→ **TASK INPUTS**
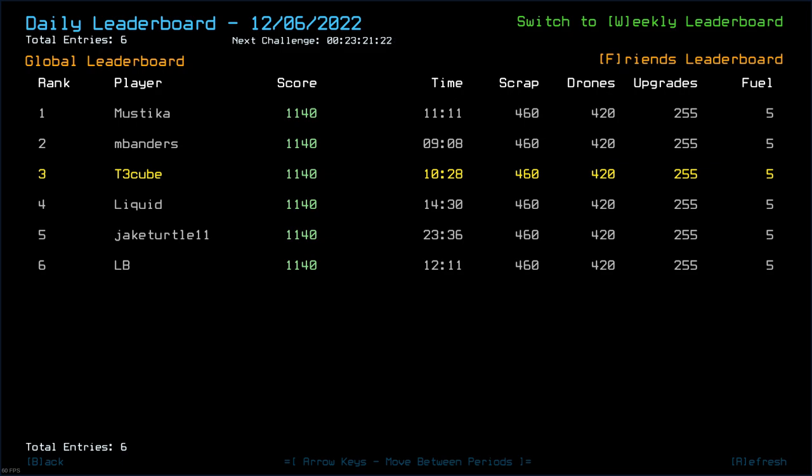Anyway. Congratulations to Mystica and Banders. Myself, Liquid, Jake Turtle, and LB for getting 1140. With times between 9 minutes and 23 minutes. Ugh. Okay. With poor planning, 23 seems a little bit more believable. 9 minutes also seems believable. Like, you could do that if you do some stupid stuff that I did where you waited to check to make sure that things were kind of okay. Like, it wasn't bad. It wasn't difficult. Power layout was weird. We did have a second airlock.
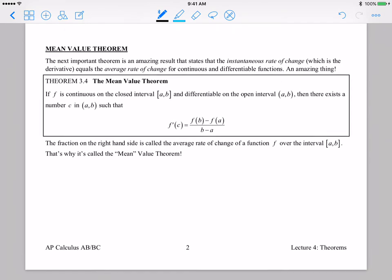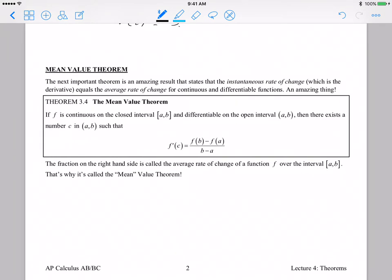The second theorem is the mean value theorem, and there is a reason it is called that — we'll talk about it here in a second. It's a really incredible theorem. Here's a physical application: let's say you went 150 miles in two hours. That means you averaged 75 miles per hour. What the mean value theorem says is that if you averaged 75 miles per hour over a trip, then at some point during that trip you had to be going exactly 75 miles per hour at least once.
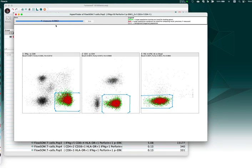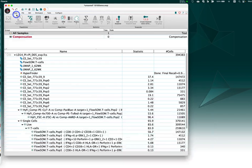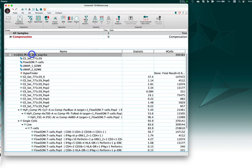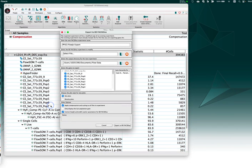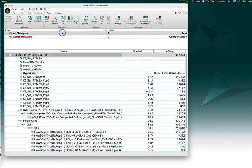So to recapitulate that population that was found via clustering, we needed three gates. If I close the HyperFinder tool, I will see those three gates. I could, if I want, either export to BD FACSDiva using this tool here, or hit save and open in the S8.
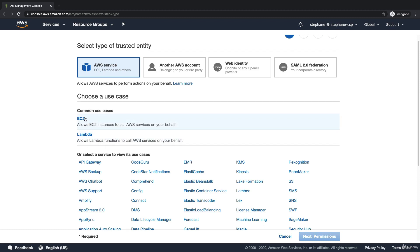EC2 instances are virtual servers and Lambda functions just run code, but don't worry, we'll get to those when we go in their respective sections. So let's use an EC2 instance—we're going to create an EC2 instance role.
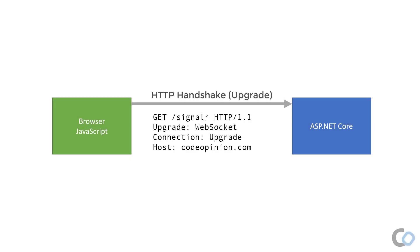HTTP provides the ability for a connection to upgrade to a new protocol such as WebSockets. As described earlier, the initial request must be made by the client. In this request, the client will request an upgrade through the upgrade and connection headers.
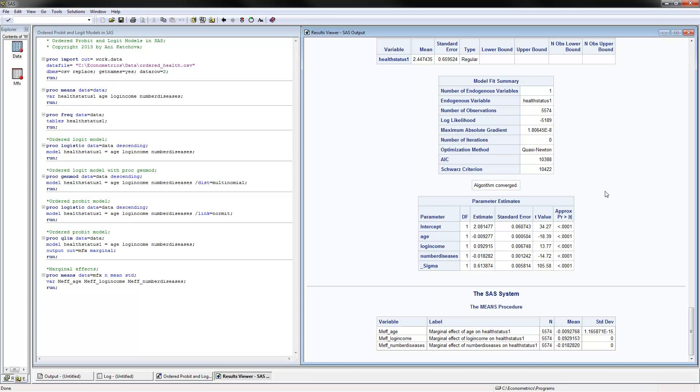Okay, so this video was how to do ordered probit and ordered logit models in SAS. Thank you for watching.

→ **AIM OF THE EXERCISE**
All of the data, minus its pictures, should be repeated exactly.

→ **SOLUTION FOR THIS TASK**
Anyway. Congratulations to Mystica and Banders. Myself, Liquid, Jake Turtle, and LB for getting 1140. With times between 9 minutes and 23 minutes. Ugh. Okay. With poor planning, 23 seems a little bit more believable. 9 minutes also seems believable. Like, you could do that if you do some stupid stuff that I did where you waited to check to make sure that things were kind of okay. Like, it wasn't bad. It wasn't difficult. Power layout was weird. We did have a second airlock.
The second theorem is the mean value theorem, and there is a reason it is called that — we'll talk about it here in a second. It's a really incredible theorem. Here's a physical application: let's say you went 150 miles in two hours. That means you averaged 75 miles per hour. What the mean value theorem says is that if you averaged 75 miles per hour over a trip, then at some point during that trip you had to be going exactly 75 miles per hour at least once.
So to recapitulate that population that was found via clustering, we needed three gates. If I close the HyperFinder tool, I will see those three gates. I could, if I want, either export to BD FACSDiva using this tool here, or hit save and open in the S8.
EC2 instances are virtual servers and Lambda functions just run code, but don't worry, we'll get to those when we go in their respective sections. So let's use an EC2 instance—we're going to create an EC2 instance role.
HTTP provides the ability for a connection to upgrade to a new protocol such as WebSockets. As described earlier, the initial request must be made by the client. In this request, the client will request an upgrade through the upgrade and connection headers.
Okay, so this video was how to do ordered probit and ordered logit models in SAS. Thank you for watching.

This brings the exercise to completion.